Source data
━━━━━━

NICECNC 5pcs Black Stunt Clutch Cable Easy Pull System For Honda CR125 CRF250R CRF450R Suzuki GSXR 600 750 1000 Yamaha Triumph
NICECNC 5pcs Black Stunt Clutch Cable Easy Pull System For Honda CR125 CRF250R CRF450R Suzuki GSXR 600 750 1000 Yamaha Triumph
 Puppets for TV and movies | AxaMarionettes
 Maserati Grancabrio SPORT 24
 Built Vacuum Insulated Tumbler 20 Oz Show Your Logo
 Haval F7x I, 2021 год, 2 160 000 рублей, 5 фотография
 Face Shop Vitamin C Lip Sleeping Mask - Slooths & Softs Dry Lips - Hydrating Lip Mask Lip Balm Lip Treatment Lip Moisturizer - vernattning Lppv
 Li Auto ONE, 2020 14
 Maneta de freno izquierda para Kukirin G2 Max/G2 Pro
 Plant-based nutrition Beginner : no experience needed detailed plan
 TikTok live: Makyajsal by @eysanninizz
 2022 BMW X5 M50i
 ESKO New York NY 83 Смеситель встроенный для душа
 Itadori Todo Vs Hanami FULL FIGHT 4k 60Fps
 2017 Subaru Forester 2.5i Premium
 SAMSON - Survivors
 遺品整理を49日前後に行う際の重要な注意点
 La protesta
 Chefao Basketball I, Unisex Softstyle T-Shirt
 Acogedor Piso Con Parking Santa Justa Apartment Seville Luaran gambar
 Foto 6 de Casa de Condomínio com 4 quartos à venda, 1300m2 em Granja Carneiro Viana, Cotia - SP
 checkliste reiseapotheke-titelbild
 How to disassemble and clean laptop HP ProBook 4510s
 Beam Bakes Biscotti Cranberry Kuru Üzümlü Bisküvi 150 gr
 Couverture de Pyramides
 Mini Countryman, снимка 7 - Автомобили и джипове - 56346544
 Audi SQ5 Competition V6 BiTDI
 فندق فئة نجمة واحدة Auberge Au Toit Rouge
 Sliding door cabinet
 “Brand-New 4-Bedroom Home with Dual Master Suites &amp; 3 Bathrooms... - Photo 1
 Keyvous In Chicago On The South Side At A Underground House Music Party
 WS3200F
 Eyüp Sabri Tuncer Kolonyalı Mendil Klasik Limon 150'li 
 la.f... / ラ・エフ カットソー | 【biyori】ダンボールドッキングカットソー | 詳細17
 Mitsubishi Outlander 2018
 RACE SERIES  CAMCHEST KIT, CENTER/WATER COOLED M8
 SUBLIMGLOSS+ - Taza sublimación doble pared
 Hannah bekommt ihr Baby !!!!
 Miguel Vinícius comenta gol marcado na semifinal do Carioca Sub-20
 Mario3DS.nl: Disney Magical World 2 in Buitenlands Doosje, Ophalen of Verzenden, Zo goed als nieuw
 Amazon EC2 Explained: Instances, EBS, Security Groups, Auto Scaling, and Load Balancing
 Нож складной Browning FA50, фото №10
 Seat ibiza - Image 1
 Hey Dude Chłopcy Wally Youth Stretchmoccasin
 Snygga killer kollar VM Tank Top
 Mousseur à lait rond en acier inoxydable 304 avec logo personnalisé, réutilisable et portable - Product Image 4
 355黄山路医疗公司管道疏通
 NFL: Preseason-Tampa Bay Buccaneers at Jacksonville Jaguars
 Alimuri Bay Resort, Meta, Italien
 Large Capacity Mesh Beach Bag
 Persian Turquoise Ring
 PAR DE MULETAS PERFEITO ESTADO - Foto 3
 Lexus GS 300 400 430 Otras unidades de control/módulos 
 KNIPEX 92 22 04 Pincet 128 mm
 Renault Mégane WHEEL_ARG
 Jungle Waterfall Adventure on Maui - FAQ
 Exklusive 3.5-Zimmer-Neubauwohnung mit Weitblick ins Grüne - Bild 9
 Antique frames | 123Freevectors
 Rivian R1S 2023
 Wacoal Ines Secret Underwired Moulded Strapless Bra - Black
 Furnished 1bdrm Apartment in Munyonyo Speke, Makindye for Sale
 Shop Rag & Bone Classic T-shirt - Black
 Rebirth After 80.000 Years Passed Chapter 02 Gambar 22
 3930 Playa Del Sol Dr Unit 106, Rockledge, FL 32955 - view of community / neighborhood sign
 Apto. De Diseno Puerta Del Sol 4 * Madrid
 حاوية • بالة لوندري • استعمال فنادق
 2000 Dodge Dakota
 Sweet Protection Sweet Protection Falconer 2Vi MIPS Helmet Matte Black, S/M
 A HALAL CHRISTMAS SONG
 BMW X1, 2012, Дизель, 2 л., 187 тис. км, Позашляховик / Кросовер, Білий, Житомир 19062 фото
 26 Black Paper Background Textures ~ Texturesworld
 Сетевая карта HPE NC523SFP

━━━━━━

[What you have to do]: Look through the entries above and copy each line that has "Apartment" in it.

[Response below]:
 Acogedor Piso Con Parking Santa Justa Apartment Seville Luaran gambar
 Furnished 1bdrm Apartment in Munyonyo Speke, Makindye for Sale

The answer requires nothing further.